Em 21 de novembro de 2014, comentando o trecho do Evangelho em que Jesus expulsa os vendilhões do Templo, o Papa lançou seu anátema contra uma Igreja que só pensa em fazer negócios e que comete “pecado de escândalo”. Francisco invectiva com frequência contra a corrupção, o tráfico de armas e de escravos, a vaidade do poder e do dinheiro. Referindo-se em 11 de junho de 2014 aos políticos corruptos, àqueles que exploram o “trabalho escravo” e aos “mercadores da morte”, o Papa advertiu “que o temor de Deus os faça compreender que um dia tudo acaba e que terão de prestar contas a Deus”. O “temor de Deus” abre o coração dos homens “à bondade, à misericórdia, às carícias” de Deus, mas “é também um alarme diante da pertinácia no pecado”.

A aprovação legal do vício contra a natureza não é por acaso um pecado incomparavelmente mais grave do que aqueles tão frequentemente lembrados pelo Papa?

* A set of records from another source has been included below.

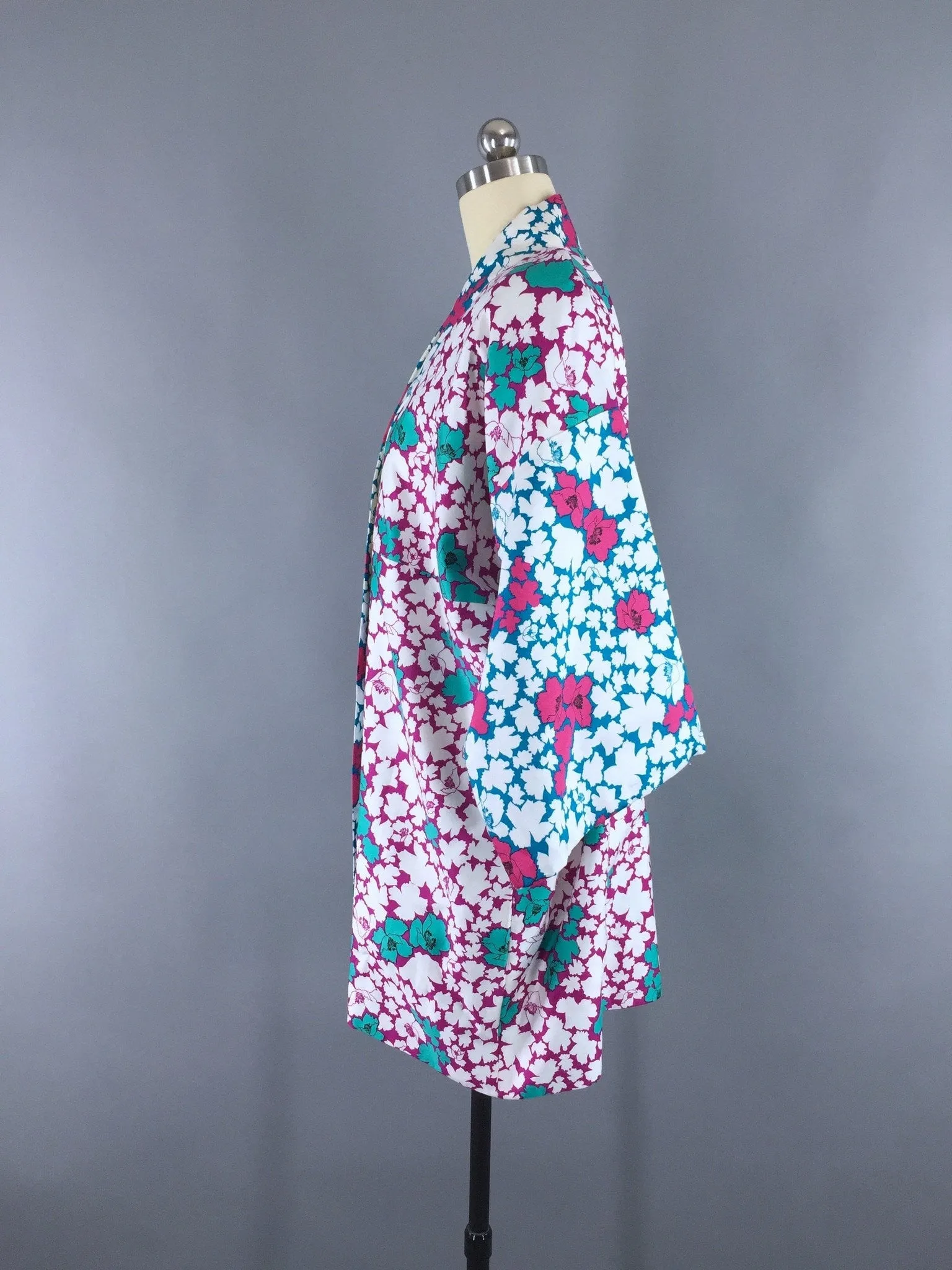 Vintage 1980s Happi Coat Kimono Cardigan / White Floral Cotton Sateen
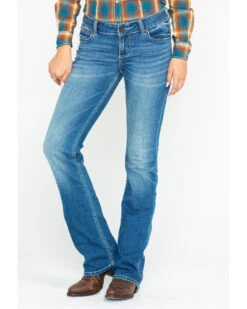 Wrangler Women's Retro Mae Deadwood Light Wash Mid Rise Bootcut Jeans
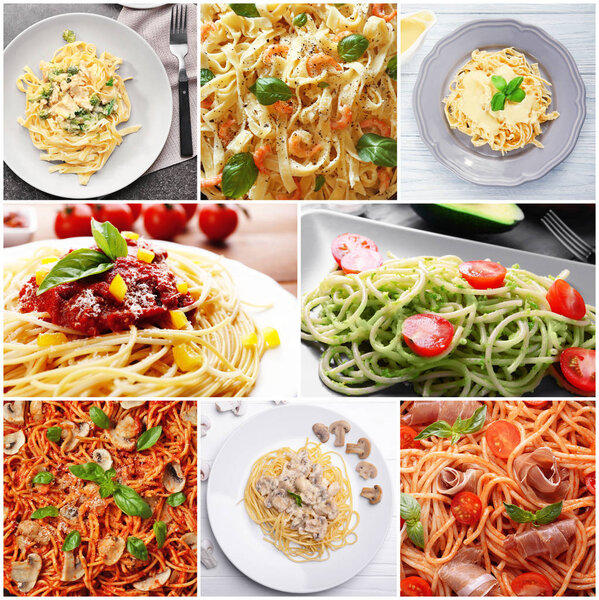 Collage of delicious pasta 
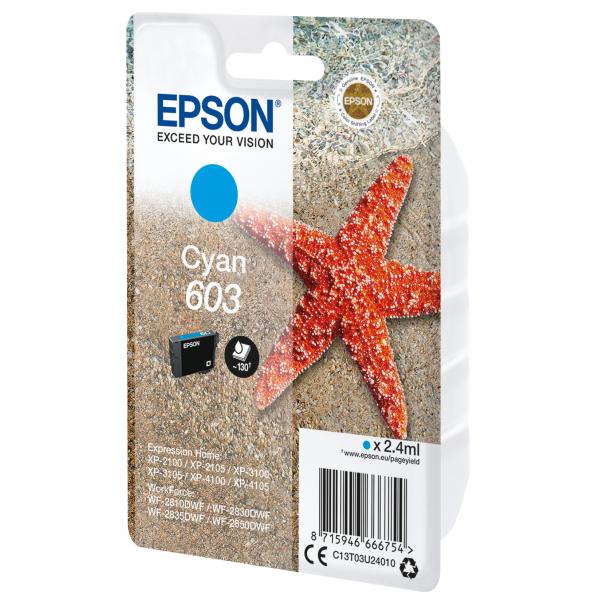 Epson Singlepack Cyan 603 Ink (EPSON STARFISH 603 CYAN SINGLEPACK INK)Epson8715946666754C13T03U24010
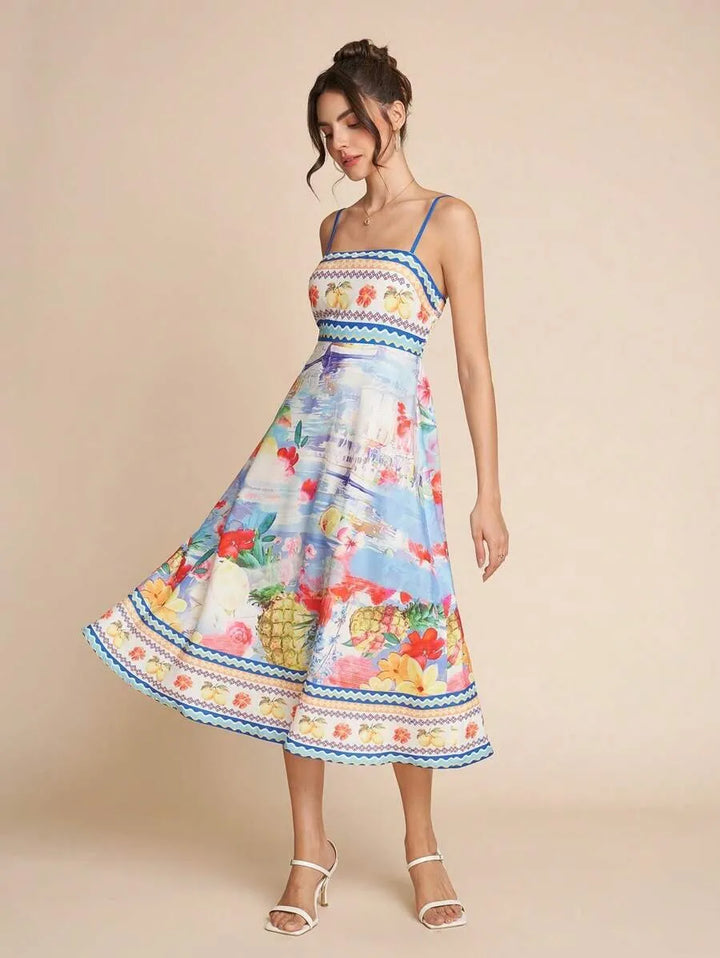 Midikleid mit Blumendruck für Damen - Mirela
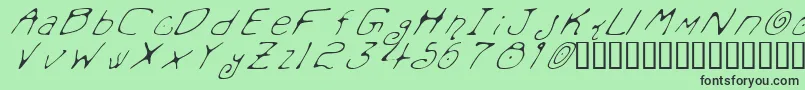 Fonte MondoMessoFontoItalic – fontes pretas em um fundo verde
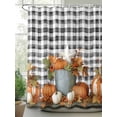 thumbnail image 2 of Fall Shower Curtain Pumpkin Shower Curtains for Bathroom Thanksgiving Decor, Waterproof Polyester Shower Curtain Set with Hooks, Standard Size 66" x 72" Maple Leaves Berry Black Plaid, 2 of 6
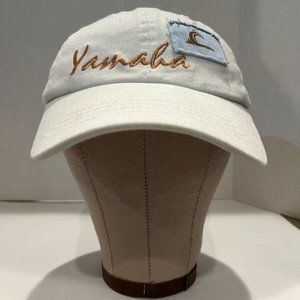 Yamaha Dad Hat White Color with Blue Wave Patch, Adult Size Clean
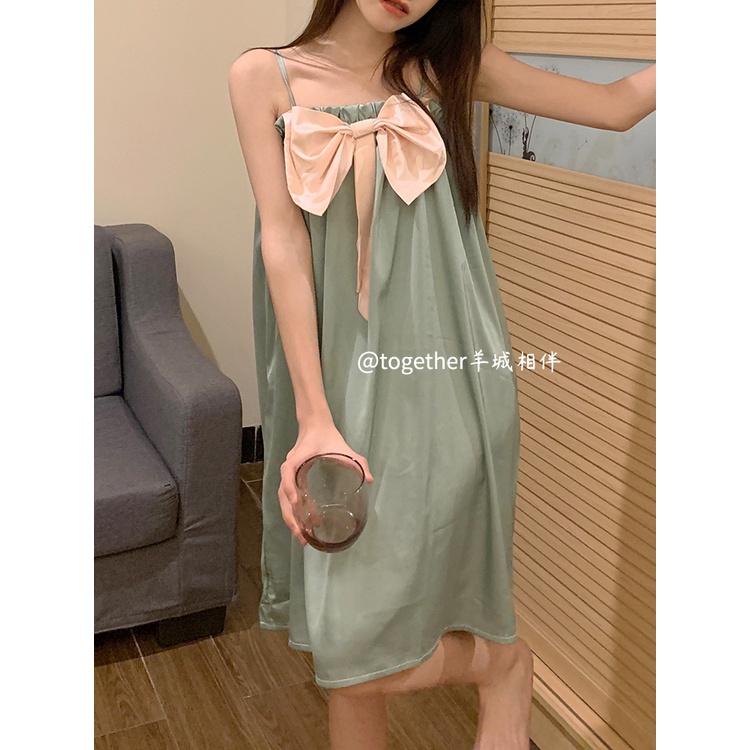 ✴stelan baju tidur wanita Korean high-end nightdress women s summer ice silk baru 2023 solid color bow girl thin section suspender dress #COD baju tidur wanita bahan kaos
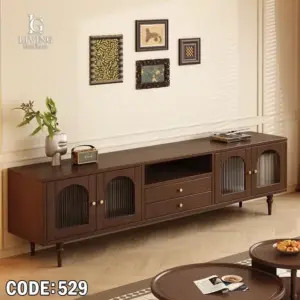 إيفورا وحدة تلفزيون خشب طبيعي مودرن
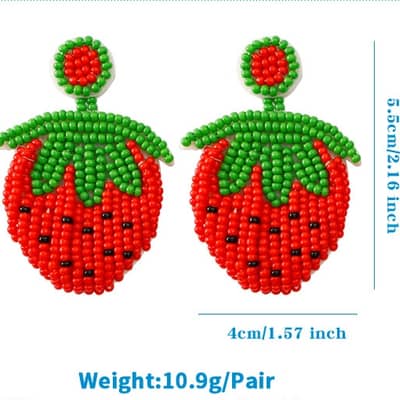 Summer Hand-Woven Seed Earrings Strawberry Design Bohemian Tassel detail 6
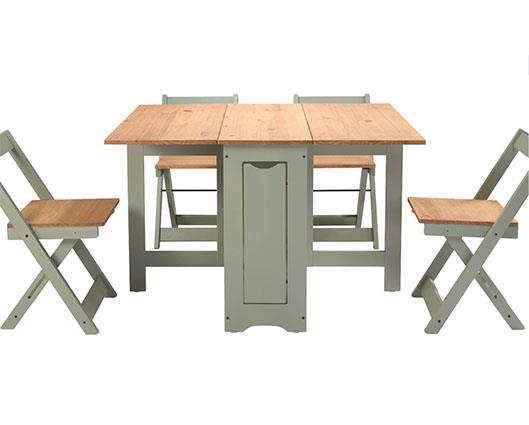 SANTOS BUTTERFLY DINING SET (X4 CHAIRS) - GREEN/DISTRESSED WAXED PINE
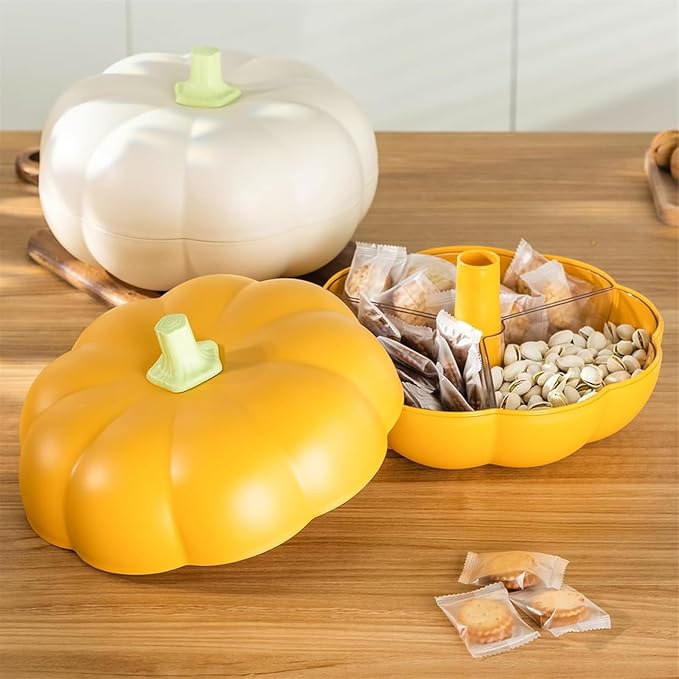 2-Tier Pumpkin Snack Bowl with Divided Trays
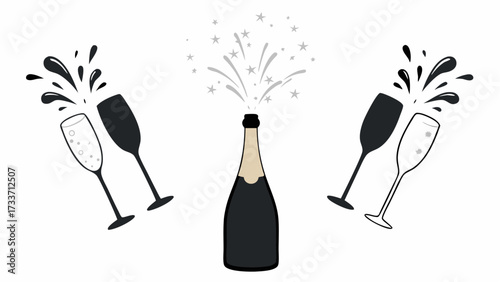 Celebration illustration featuring champagne bottle with popping stars and two pairs of champagne glasses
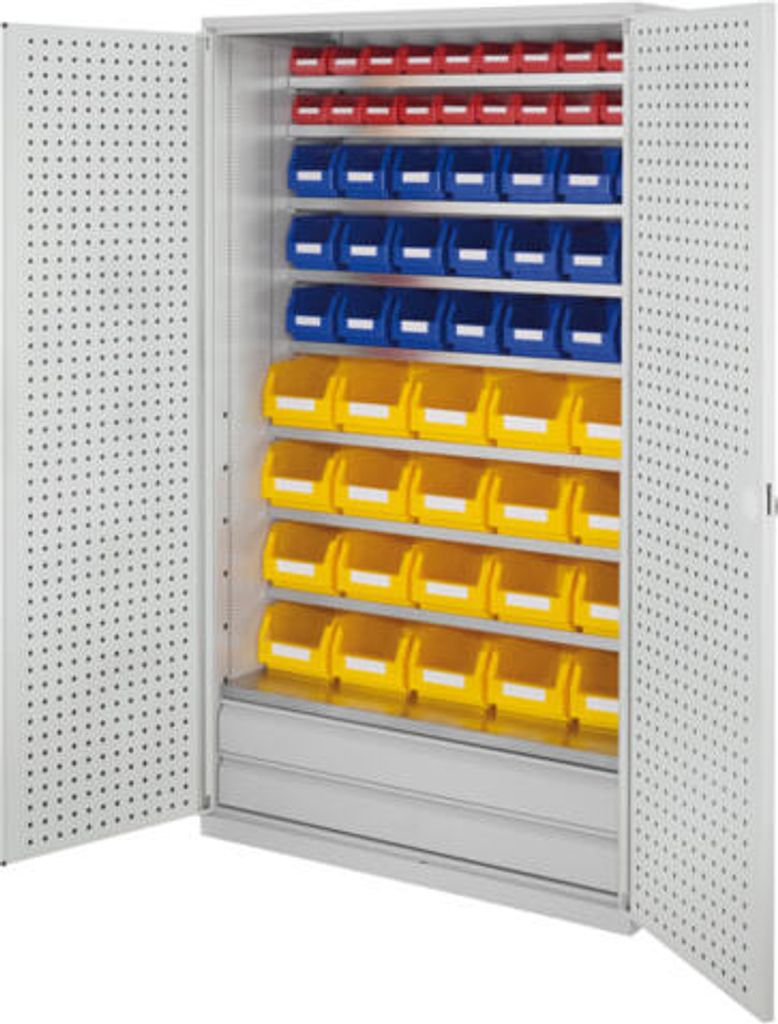 Großraumschrank, Türen mit Lochplatten, Kästen: 20xGr. 4, 21xGr. 6, 20xGr. 7, 2 Schubladen unten, BxTxH 1130x590x1950 mm
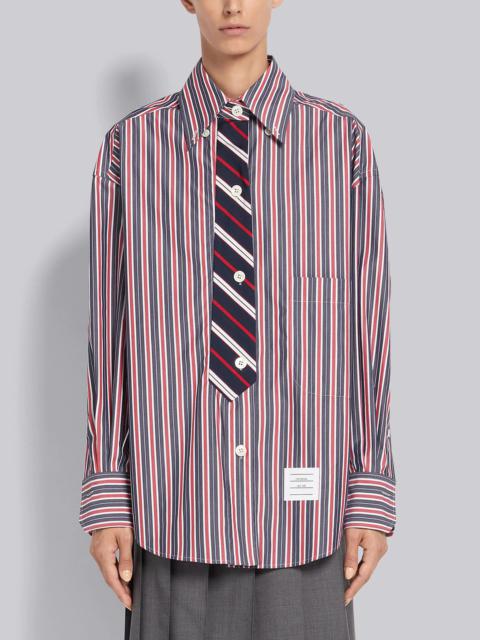Thom Browne Multi-Color Cotton Poplin Trompe L'oeil Bar Stripe Necktie Supersized Shirt
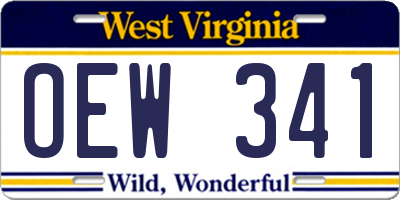 WV license plate OEW341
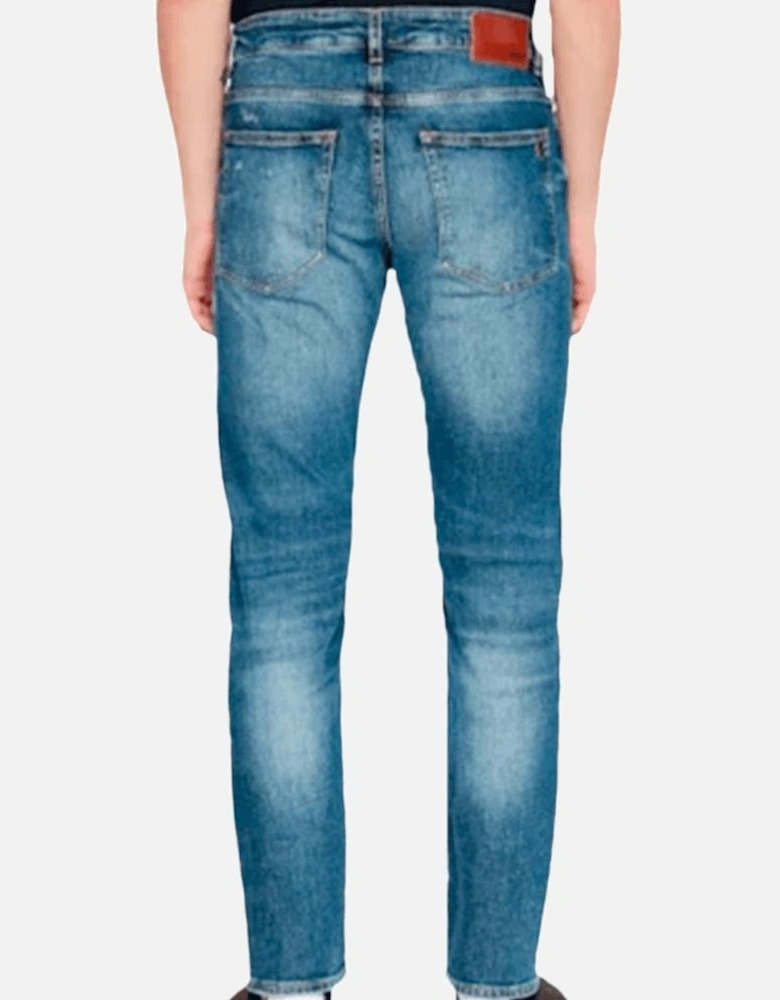 Delaware Slim Fit Distressed Blue Jeans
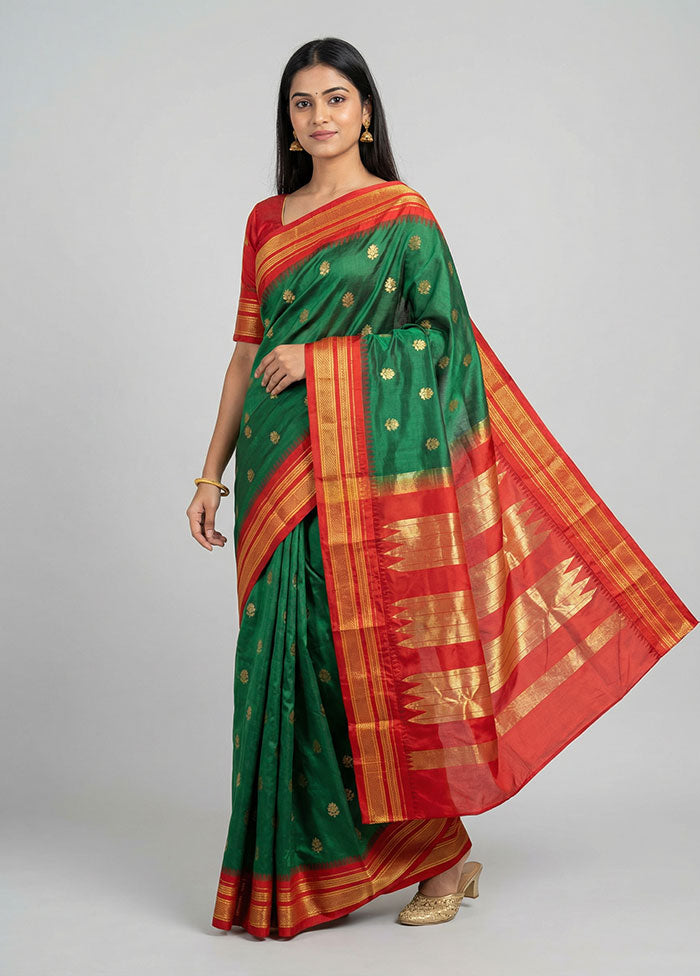 Green Kanjivaram Silk Saree With Blouse Piece
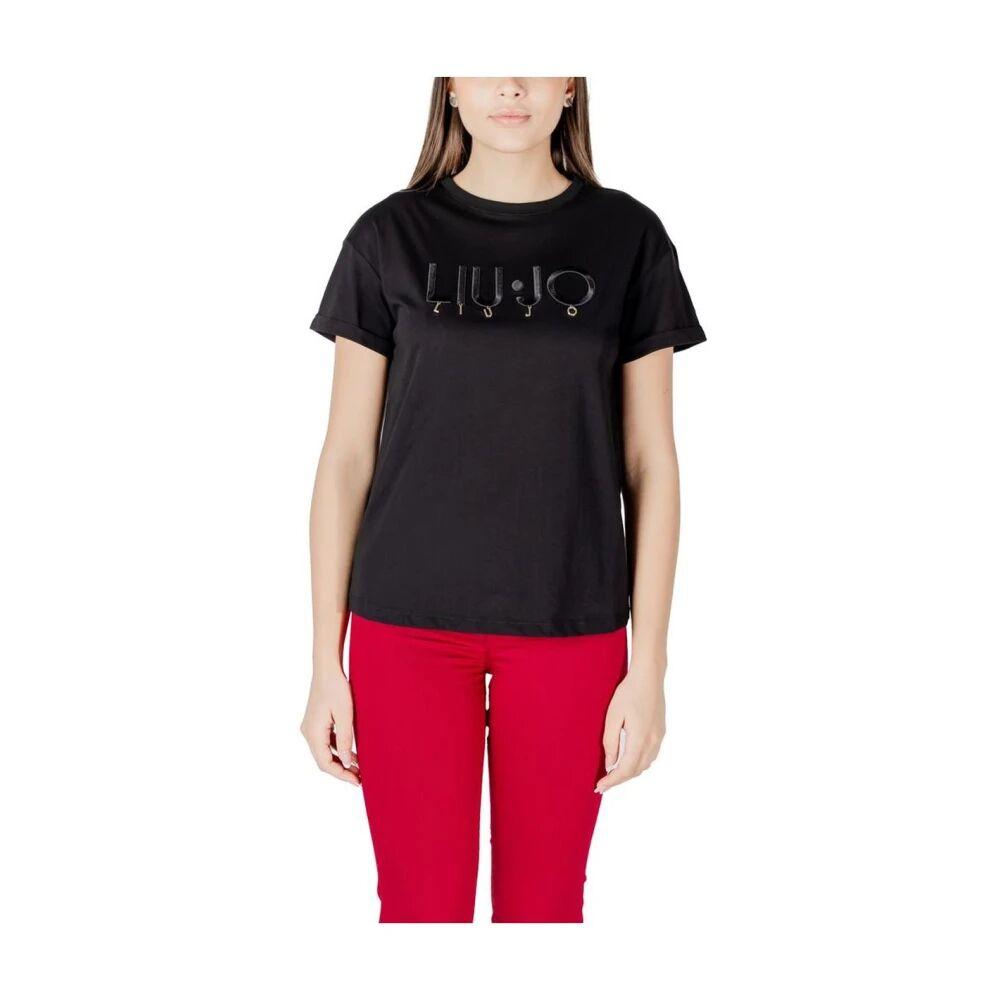 Tシャツ・カットソー LIU JO Woman T-Shirt Black WA5364J6308 Z9363 Liu Jo stretch cotton T-shirt with rhinestone logo for girls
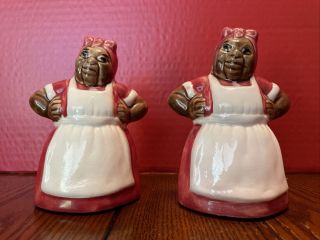 Black Americana Vintage Salt And Pepper Shakers Lady Ceramic
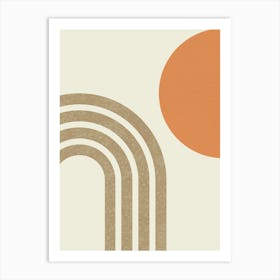 Mid-century Modern Sun and Rainbow - Abstract Modern Minimalist Warm Orange Art Print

Por que nos dias que antecederam a votação, o Santo Padre não lançou um apelo vigoroso e sincero aos irlandeses, lembrando-lhes que a violação da lei divina e natural é um pecado social pelo qual o povo e seus pastores deverão prestar contas a Deus? Com esse silêncio, não se tornou também ele cúmplice neste escândalo?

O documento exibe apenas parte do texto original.